AP and RDI: Supervision of AI systems requires collaboration and must be arranged quickly


Cooperation between supervisory authorities is paramount in the supervision of artificial intelligence (AI), the Dutch Data Protection Authority (AP) and the Dutch Authority for Digital Infrastructure (RDI) write in their advice to the Dutch government. Decisions on which bodies will carry out the different supervisory tasks need to be made soon, as the first parts of the new European AI Act will come into force at the start of 2025.  

The AP and the RDI emphasize that sufficient budget and staff must be available in time for all supervisory authorities involved. This will ensure they can begin their tasks promptly, such as providing guidance and enforcement.

The advice has been prepared by the AP and the RDI in collaboration with 20 other Dutch supervisory authorities that may play a role in AI-supervision. For over a year, these supervisory authorities have been jointly preparing for the supervision of AI. With this joint vision on for a national supervisory structure for AI, Dutch supervisors are leading the way in Europe. 

AI Act

Last month, European ministers voted in favour of the AI Act, the world's first comprehensive law on artificial intelligence. The AI Act stipulates that high-risk AI systems may only be placed on the market and used if they meet strict product requirements. These systems will be given a CE marking, as has been mandatory for years for elevators, mobile phones and toys.

Aligning with existing product supervision

The AP and the RDI recommend that AI supervision in various sectors be aligned as much as possible with existing supervision. The supervision of high-risk AI products that already require CE marking can remain the same. For example, the Netherlands Food and Consumer Product Safety Authority (NVWA) will continue to inspect toys, even if they contain AI, and the Health and Youth Care Inspectorate (IGJ) will supervise AI in medical devices.

Angeline van Dijk, Inspector General of the RDI: ‘Cooperation is key when it comes to the concentration of knowledge and coordination in practice. Effective supervision that considers innovation can only arise if relevant supervisory authorities cooperate with developers and users of high-risk AI. Companies and organizations can explore with the RDI whether they need to comply with AI regulations and how they can do so. The efforts of the RDI to set up regulatory sandboxes, a kind of breeding ground for responsible AI applications, is an excellent example of this. This advice is an important milestone in that regard.’

New supervision of AI

The supervision of high-risk AI applications for which no CE marking is currently required should largely lie with the AP, in addition to sectoral supervision, the supervisory authorities write. It does not matter in which sector these systems are used, from education to migration and from employment to law enforcement. The AP should be the so-called “market surveillance authority” here.

AP Chairman Aleid Wolfsen says: ‘The market surveillance authority will ensure that AI placed on the market actually meets requirements in areas such as training AI, transparency and human control. This requires specialist knowledge and expertise, which is efficient if bundled together. It is also important that in this way AP can keep an overview, given that companies developing such AI often do not do so only for one sector. Cooperation with sectoral supervisory authorities is crucial, because they have a good overview of AI use in, for example, education or by employers. We will act quickly to set up this cooperation.’ 
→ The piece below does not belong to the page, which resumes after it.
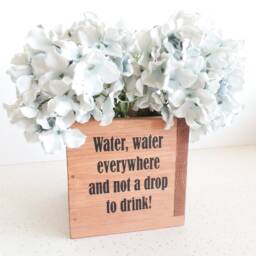 "Wooden Succulent Planter Rustic " - thumbnail 2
The supervisory authorities propose two exceptions: in the financial sector, the Dutch Authority for the Financial Markets (AFM) and De Nederlandsche Bank (DNB) will handle market surveillance, while the Human Environment and Transport Inspectorate (ILT) and the RDI will oversee critical infrastructure. Additionally, the market supervision of AI systems used for judicial purposes must be set up in such a way that the independence of judicial authorities is ensured.

It is important that supervisory authorities are quickly appointed not only in the Netherlands, but also in other Member States. Cross-border and large AI systems require cooperation between supervisory authorities from different Member States and with the new European AI Office, which will supervise large AI models that, for example, underpin ChatGPT.

Urgent AI regulatory actions

Several issues need to be addressed in the short term. This includes identifying fundamental rights supervisory authorities, a role envisioned by the supervisory authorities for the Netherlands Institute for Human Rights and the AP. Attention is also needed for the notified bodies to assess AI systems’ compliance with European standards. The supervisory authorities urge the government to quickly appoint the relevant supervisory authorities concerned, so that guidance, enforcement and practical preparation for these new tasks can begin in time. For example, the ban on some forms of AI is likely to apply as early as January 2025. The supervisory authorities propose that the AP be responsible for supervising forbidden AI.